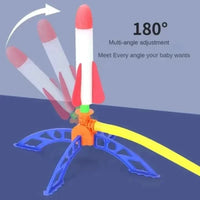 Kids Outdoor Rocket Launcher – Air-Powered Foot Pump Soaring Toy
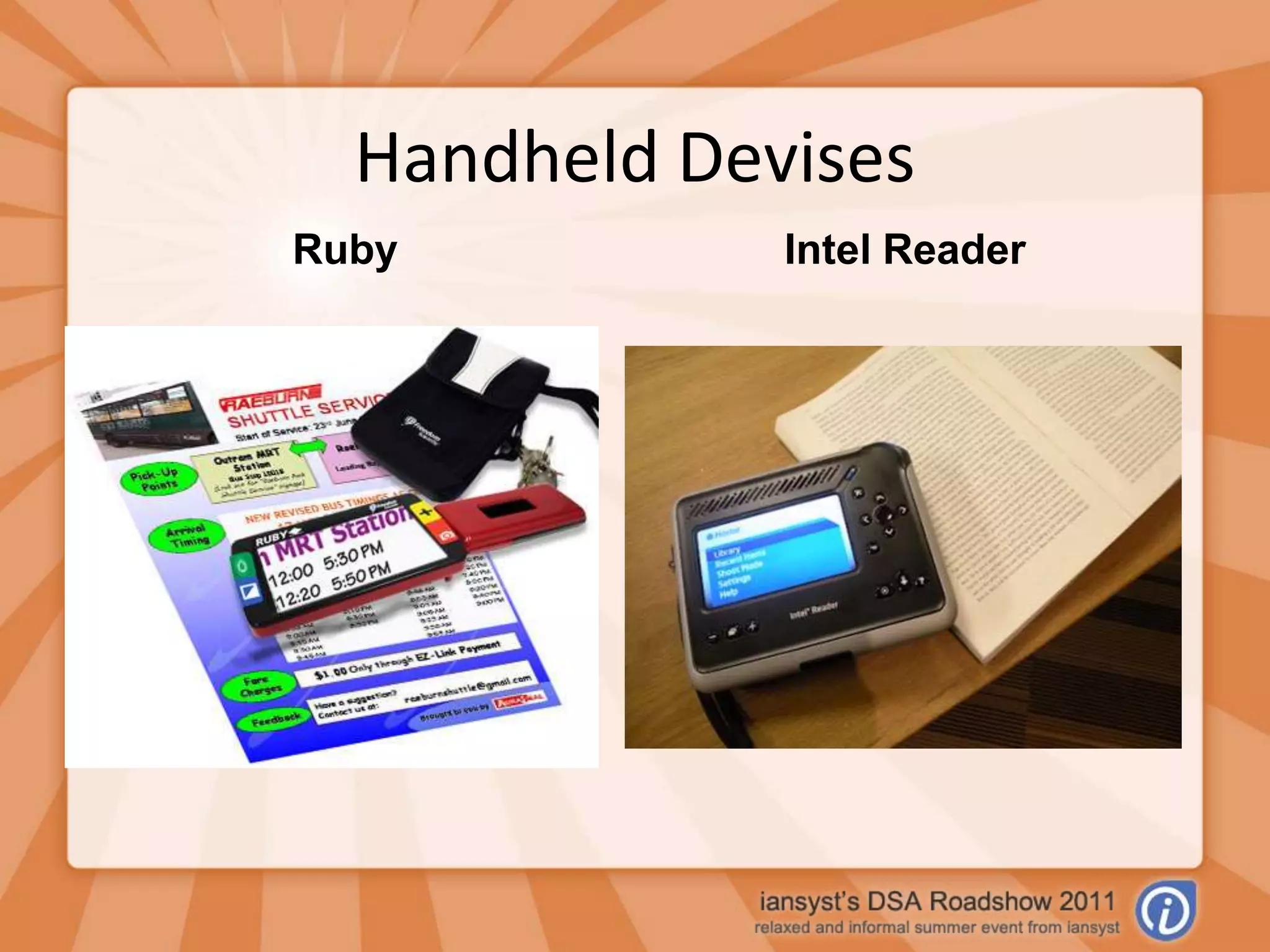 Handheld DevisesRubyIntel Reader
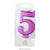 Wish Number 5  Pink Metallic Candle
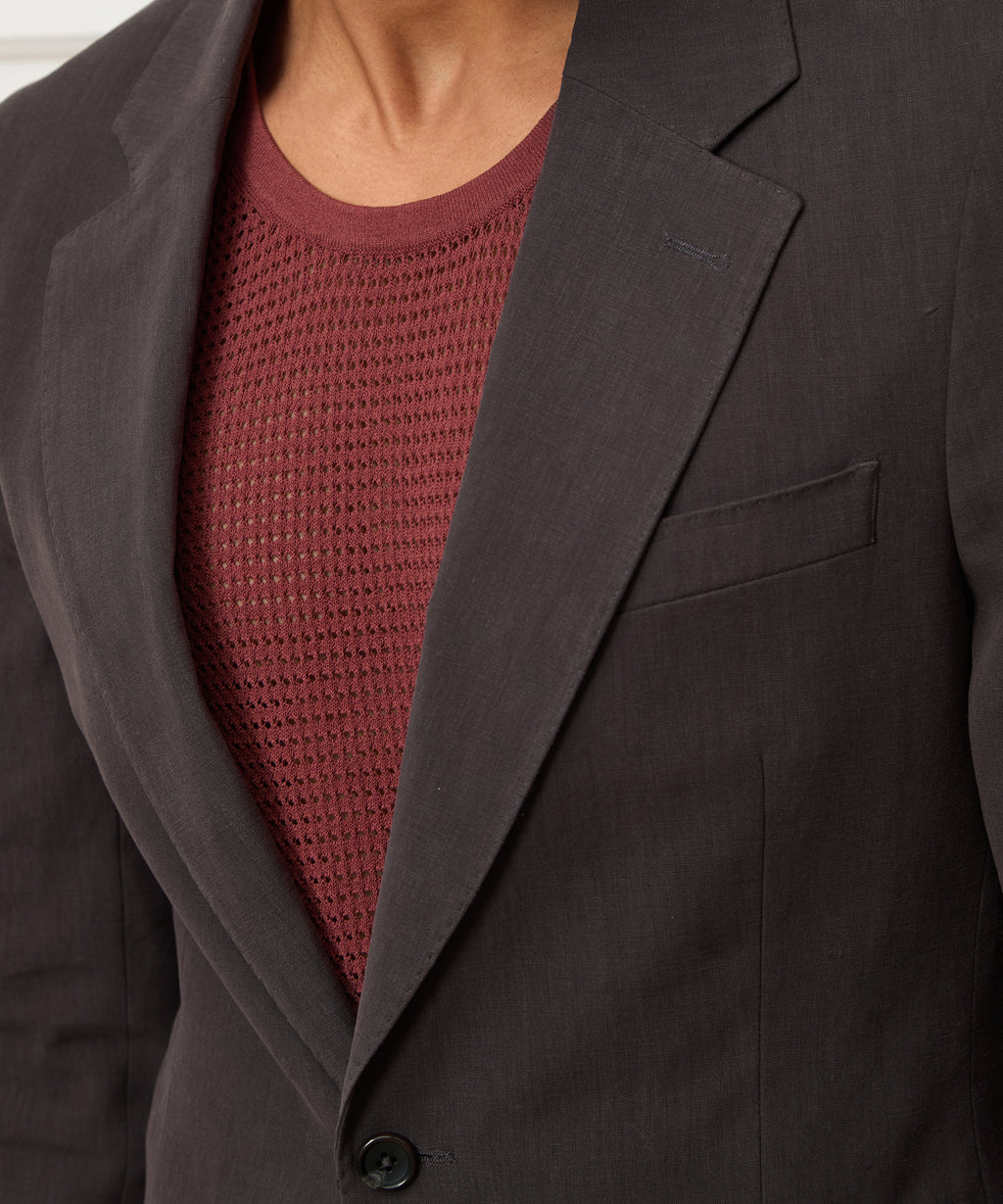 Italian Sueded Linen Sutton Suit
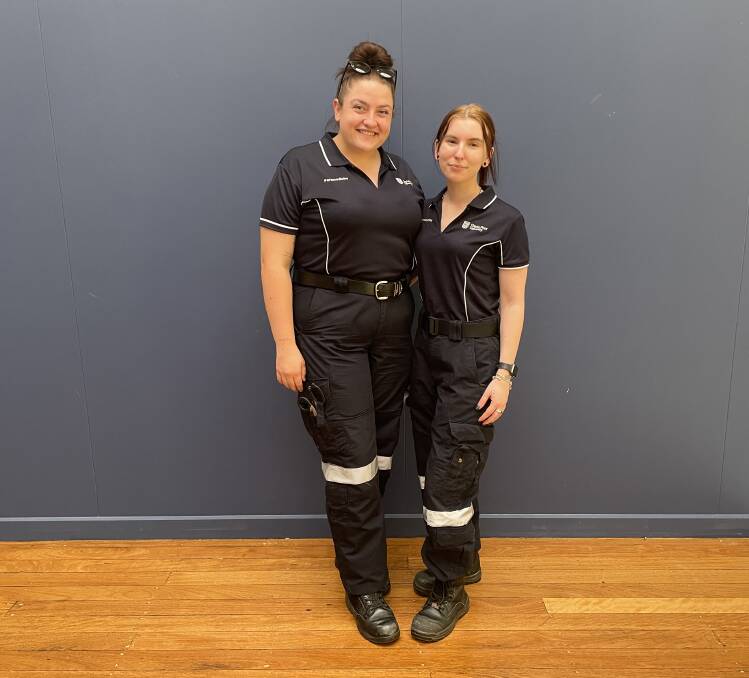 Third-year paramedicine students at Bathurst CSU, Emma Duff and Erin Isaacs have returned from the opportunity of a lifetime. Picture by Alise McIntosh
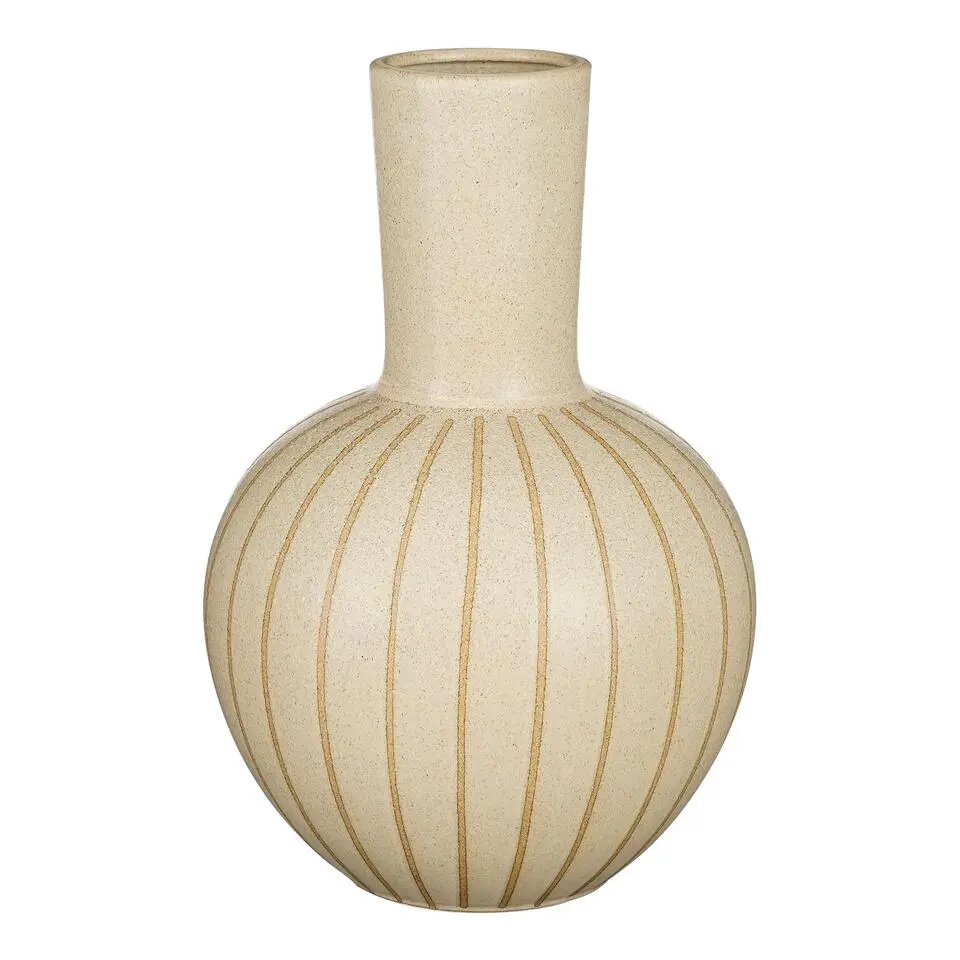 Mica Decorations Holm Vaas - H42 x Ø27,5 cm - Keramiek - Crème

* * * * * * *

From the first line through the line with "Italian Sueded Linen Sutton Suit", output those lines of the entries above exactly, and nothing else, with the pictures left out.

 Kids Outdoor Rocket Launcher – Air-Powered Foot Pump Soaring Toy
 Handheld DevisesRubyIntel Reader
 Wish Number 5  Pink Metallic Candle
 Italian Sueded Linen Sutton Suit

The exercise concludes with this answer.